• [Work to be completed] Although the records contain pictures, print none of them; print exactly the lines from the one with "T-shirt La lorraine" through the last line.

════════════════

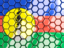 New Caledonia. Hexagon mosaic background. Download icon.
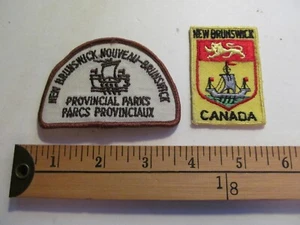(2 RARO NUOVO STEMMA TOPPA RANGER PARCO PROVINCIALE CANADA BRUNSWICK WILDLIFE CANADA) - Foto 1 di 1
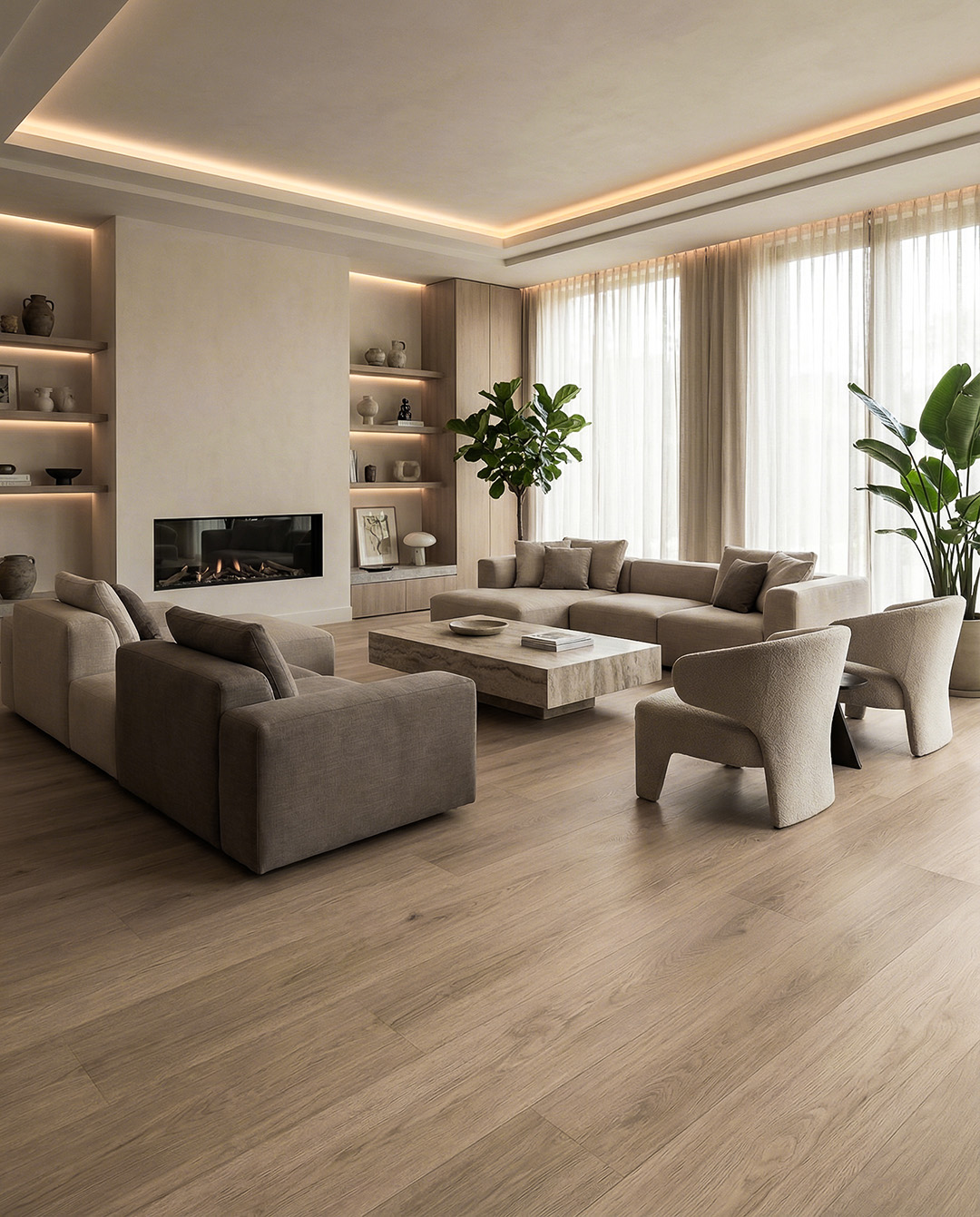 Interieurontwerp, Woonkamer, Verdieping, Woondecoratie, Vloeren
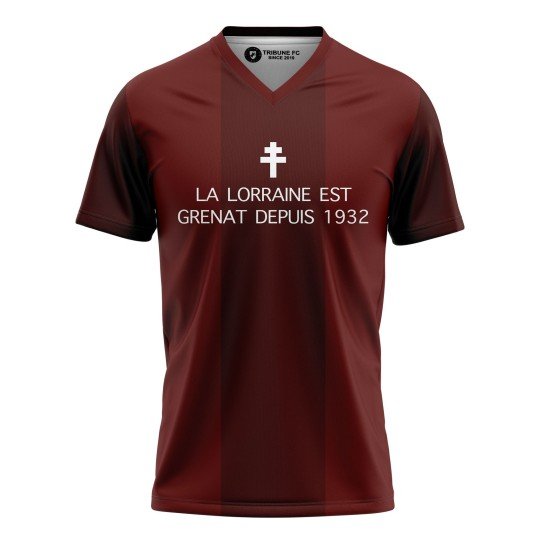 T-shirt La lorraine est grenat depuis 1932 - Supporters Metz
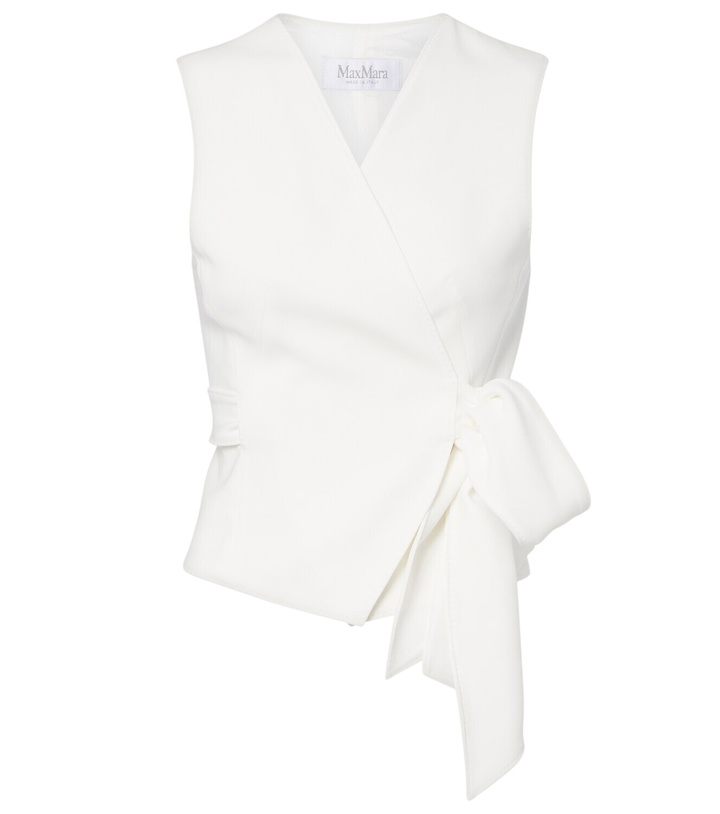 Photo: Max Mara Draped cady vest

════════════════

• [Solution]
 T-shirt La lorraine est grenat depuis 1932 - Supporters Metz
 Photo: Max Mara Draped cady vest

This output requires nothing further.